Just before the final vote in the U.N. Security Council, President Bush told reporters the resolution will send a clear message to the world. "These nations understand that a free Iraq will serve as a catalyst for change in the broader Middle East which is an important part in winning the war on terror," he said.

Mr. Bush was speaking at the G-8 summit of the world's top industrialized nations, which he is hosting in Sea Island, Georgia.

Iraq's new interim president is attending the meeting to talk about his country's economic needs. Mr. Bush is expected to urge the G-8 leaders to consider forgiving much of Baghdad's foreign debt.

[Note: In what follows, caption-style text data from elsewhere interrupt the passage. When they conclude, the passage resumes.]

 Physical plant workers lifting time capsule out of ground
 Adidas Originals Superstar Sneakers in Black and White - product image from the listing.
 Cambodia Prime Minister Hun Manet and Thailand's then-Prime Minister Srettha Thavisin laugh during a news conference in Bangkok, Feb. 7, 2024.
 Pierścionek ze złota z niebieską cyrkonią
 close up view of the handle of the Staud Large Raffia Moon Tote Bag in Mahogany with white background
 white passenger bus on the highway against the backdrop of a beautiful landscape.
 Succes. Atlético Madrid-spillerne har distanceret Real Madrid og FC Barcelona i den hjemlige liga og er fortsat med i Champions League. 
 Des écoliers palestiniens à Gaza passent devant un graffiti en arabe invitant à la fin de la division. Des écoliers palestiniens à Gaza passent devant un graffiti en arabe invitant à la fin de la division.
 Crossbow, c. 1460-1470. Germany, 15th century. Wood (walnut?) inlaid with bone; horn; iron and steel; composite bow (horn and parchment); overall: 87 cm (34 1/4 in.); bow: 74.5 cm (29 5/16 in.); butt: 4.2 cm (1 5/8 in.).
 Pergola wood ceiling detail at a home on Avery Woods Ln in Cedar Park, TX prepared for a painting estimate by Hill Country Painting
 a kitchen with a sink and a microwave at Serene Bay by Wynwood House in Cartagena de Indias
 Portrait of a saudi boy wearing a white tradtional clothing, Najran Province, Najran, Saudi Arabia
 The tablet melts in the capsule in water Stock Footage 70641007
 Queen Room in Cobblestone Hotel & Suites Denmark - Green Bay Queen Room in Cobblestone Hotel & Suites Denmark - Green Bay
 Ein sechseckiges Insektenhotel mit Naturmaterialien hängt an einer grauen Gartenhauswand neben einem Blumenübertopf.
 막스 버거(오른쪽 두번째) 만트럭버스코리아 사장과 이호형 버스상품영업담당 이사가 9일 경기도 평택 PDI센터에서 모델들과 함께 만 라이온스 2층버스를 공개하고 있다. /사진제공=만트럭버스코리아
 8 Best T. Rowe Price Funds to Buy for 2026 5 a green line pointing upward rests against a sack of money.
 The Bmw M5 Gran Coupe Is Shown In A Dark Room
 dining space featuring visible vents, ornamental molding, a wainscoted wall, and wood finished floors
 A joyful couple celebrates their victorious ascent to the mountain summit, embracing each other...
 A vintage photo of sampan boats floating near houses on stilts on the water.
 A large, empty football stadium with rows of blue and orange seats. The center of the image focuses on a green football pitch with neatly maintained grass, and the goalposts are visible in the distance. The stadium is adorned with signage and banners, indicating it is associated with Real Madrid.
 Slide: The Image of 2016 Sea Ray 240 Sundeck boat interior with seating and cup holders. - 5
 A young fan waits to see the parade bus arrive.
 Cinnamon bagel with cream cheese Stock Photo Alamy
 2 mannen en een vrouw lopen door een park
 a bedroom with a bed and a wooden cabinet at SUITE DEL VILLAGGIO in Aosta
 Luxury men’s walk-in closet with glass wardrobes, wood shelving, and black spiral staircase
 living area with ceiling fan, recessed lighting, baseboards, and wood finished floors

The U.N. resolution endorses Iraq's sovereignty and the timetable for a transition to elections no later than January of 2005.

After intense negotiations and several drafts, the council members have agreed on a text giving Iraq control over its own security forces. The resolution also talks of a partnership between the U.S.-led coalition force and Iraq's interim government. The coalition force and the new government will have to work on arrangements for handling what are called sensitive offensive operations.

Iraqi Foreign Minister Hoshyar Zebari has praised the U.N. effort, which he says gives the interim government that takes power on July 1 much-needed international legitimacy.

"The level of occupation will be taken away and those people who are fighting the American forces and coalition will be facing the Iraqis themselves who want to build a better future," he said.

Meanwhile in Baghdad, the top U.S. commander, Lieutenant-General Ricardo Sanchez, announced earlier Tuesday that coalition forces had freed four hostages in a strike at a hideout, located south of Baghdad. A Polish citizen abducted last week and three Italians kidnapped in April are reported in good health. A fourth Italian had been executed after Italy rejected the insurgents' demands to withdraw its 2,700 troops from Iraq.

General Sanchez says some of the kidnappers are now in custody. "All of the hostages were at the same location and yes we did detain some individuals at the site."

News of the release coincided with the appearance of a video showing seven Turkish nationals surrounded by armed men wearing masks. One of the masked kidnappers calls on Turkish Muslims to refuse to work with the coalition forces.

Insurgents have targeted Iraqis and other nationals who work with foreign companies and the coalition forces, calling them collaborators of occupation.